*** Information shown Section Begins ***

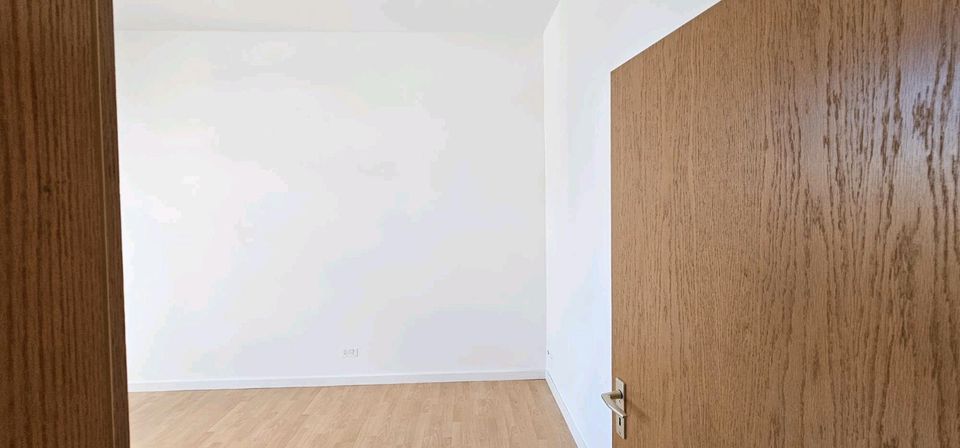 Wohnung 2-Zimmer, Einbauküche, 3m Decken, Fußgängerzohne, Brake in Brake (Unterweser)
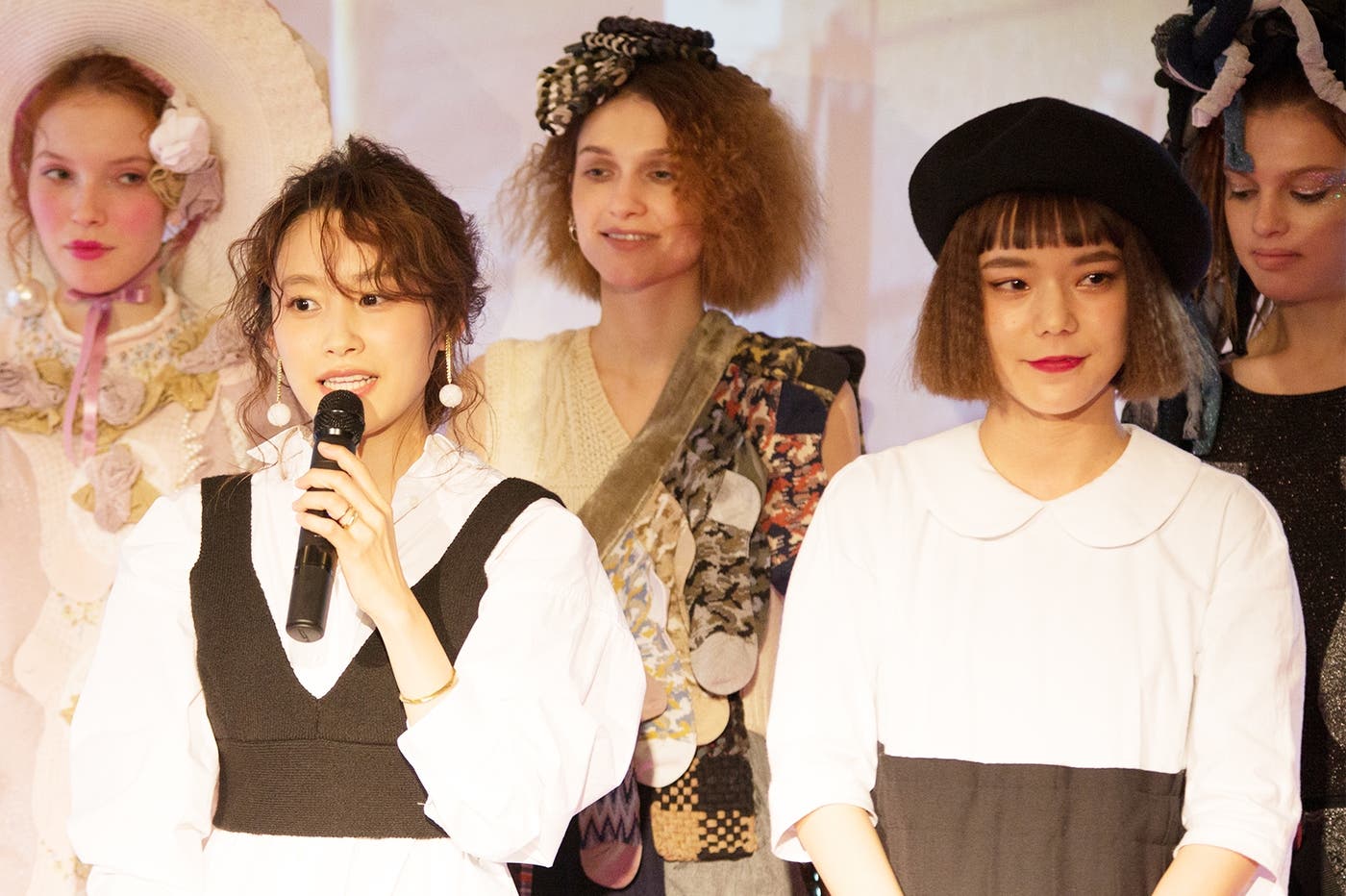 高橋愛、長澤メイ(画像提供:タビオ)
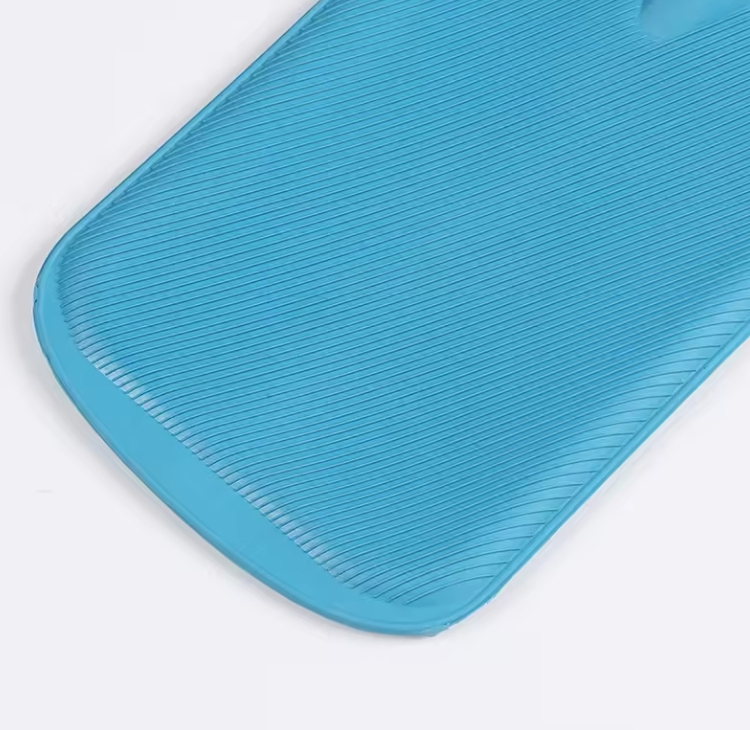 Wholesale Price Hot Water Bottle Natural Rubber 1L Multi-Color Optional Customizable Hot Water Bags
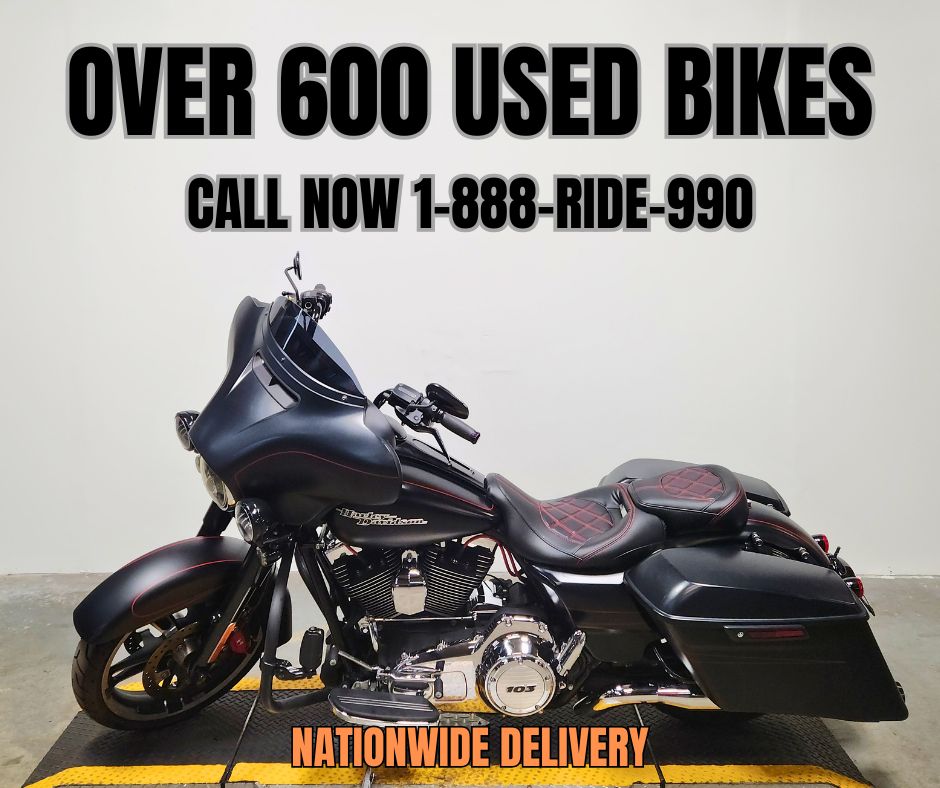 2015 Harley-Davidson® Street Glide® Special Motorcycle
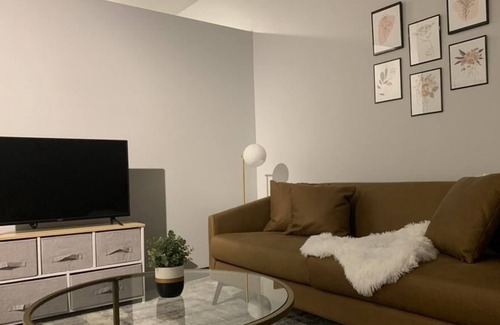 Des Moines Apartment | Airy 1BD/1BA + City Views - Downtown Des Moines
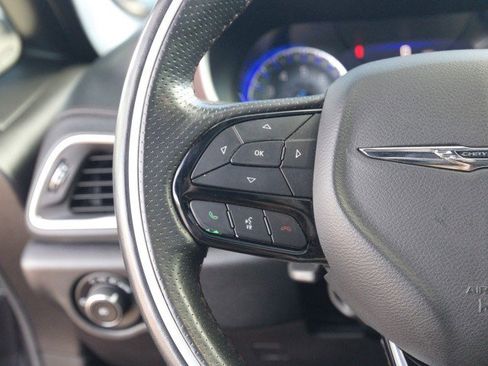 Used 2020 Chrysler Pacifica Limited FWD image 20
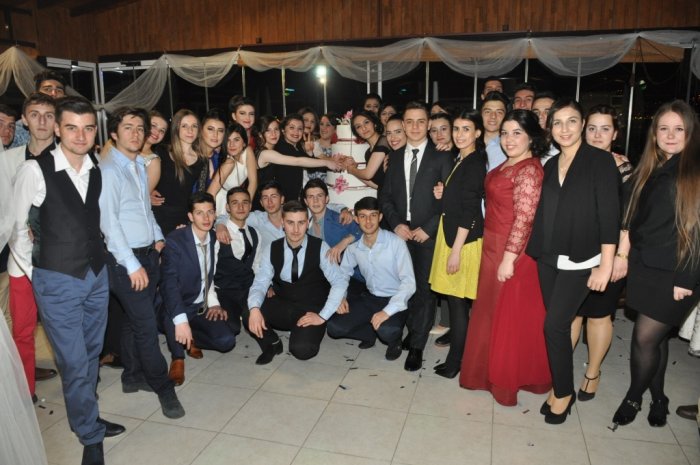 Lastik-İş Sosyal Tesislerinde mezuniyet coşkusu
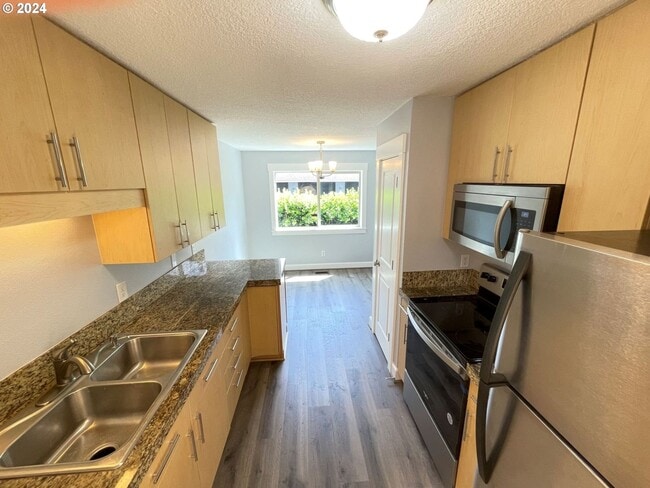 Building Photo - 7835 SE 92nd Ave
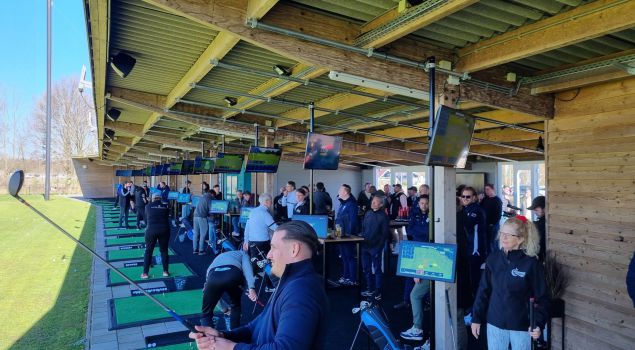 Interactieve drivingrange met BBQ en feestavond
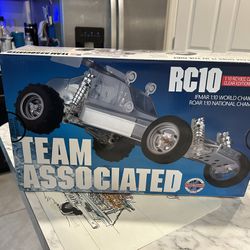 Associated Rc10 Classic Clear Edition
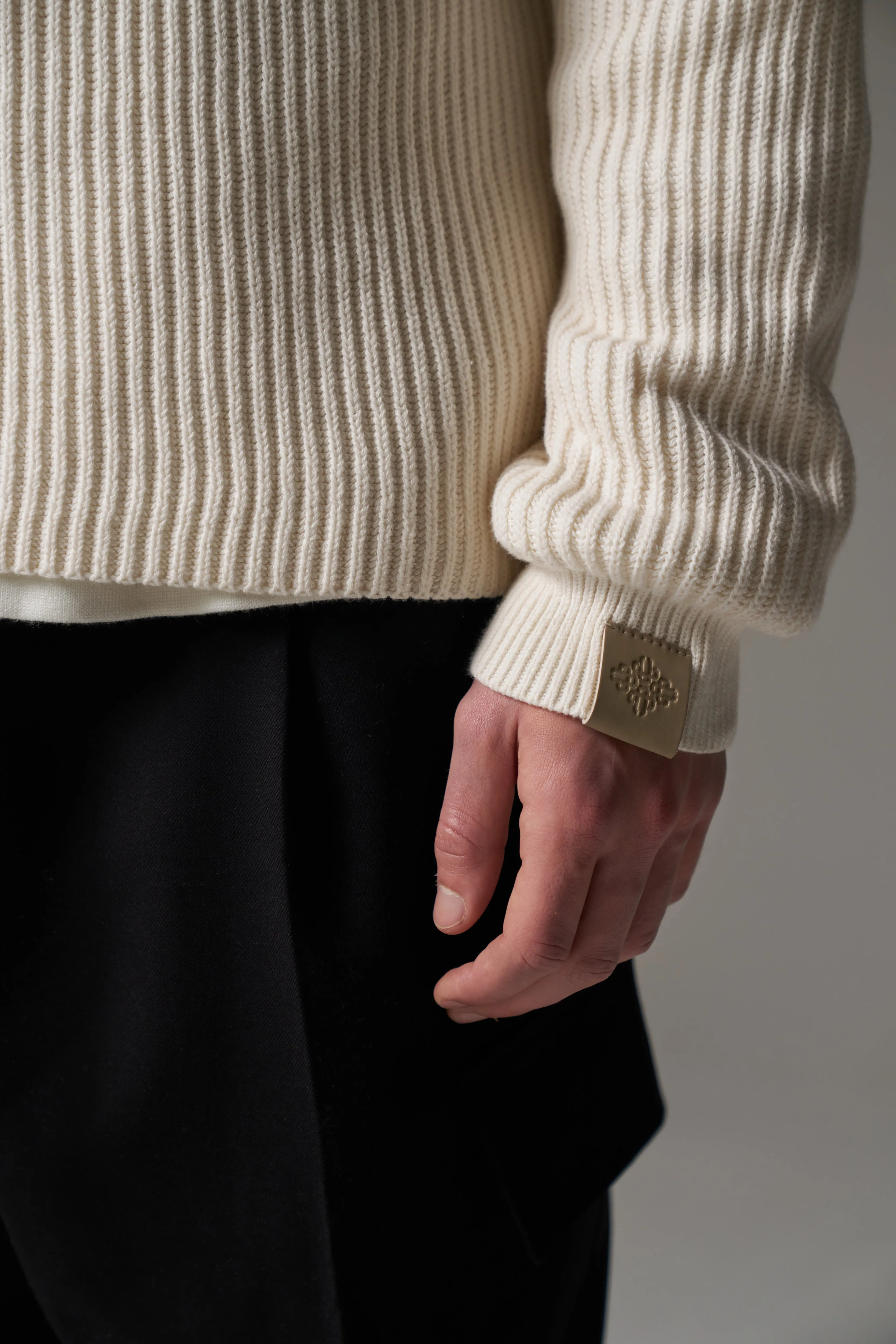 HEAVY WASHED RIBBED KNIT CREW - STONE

*** Information shown Section Ends ***

_Task brief_:
Without any pictures, please reproduce the full set of entries.

_Answer space_:
 Wohnung 2-Zimmer, Einbauküche, 3m Decken, Fußgängerzohne, Brake in Brake (Unterweser)
 高橋愛、長澤メイ(画像提供:タビオ)
 Wholesale Price Hot Water Bottle Natural Rubber 1L Multi-Color Optional Customizable Hot Water Bags
 2015 Harley-Davidson® Street Glide® Special Motorcycle
 Des Moines Apartment | Airy 1BD/1BA + City Views - Downtown Des Moines
 Used 2020 Chrysler Pacifica Limited FWD image 20
 Lastik-İş Sosyal Tesislerinde mezuniyet coşkusu
 Building Photo - 7835 SE 92nd Ave
 Interactieve drivingrange met BBQ en feestavond
 Associated Rc10 Classic Clear Edition
 HEAVY WASHED RIBBED KNIT CREW - STONE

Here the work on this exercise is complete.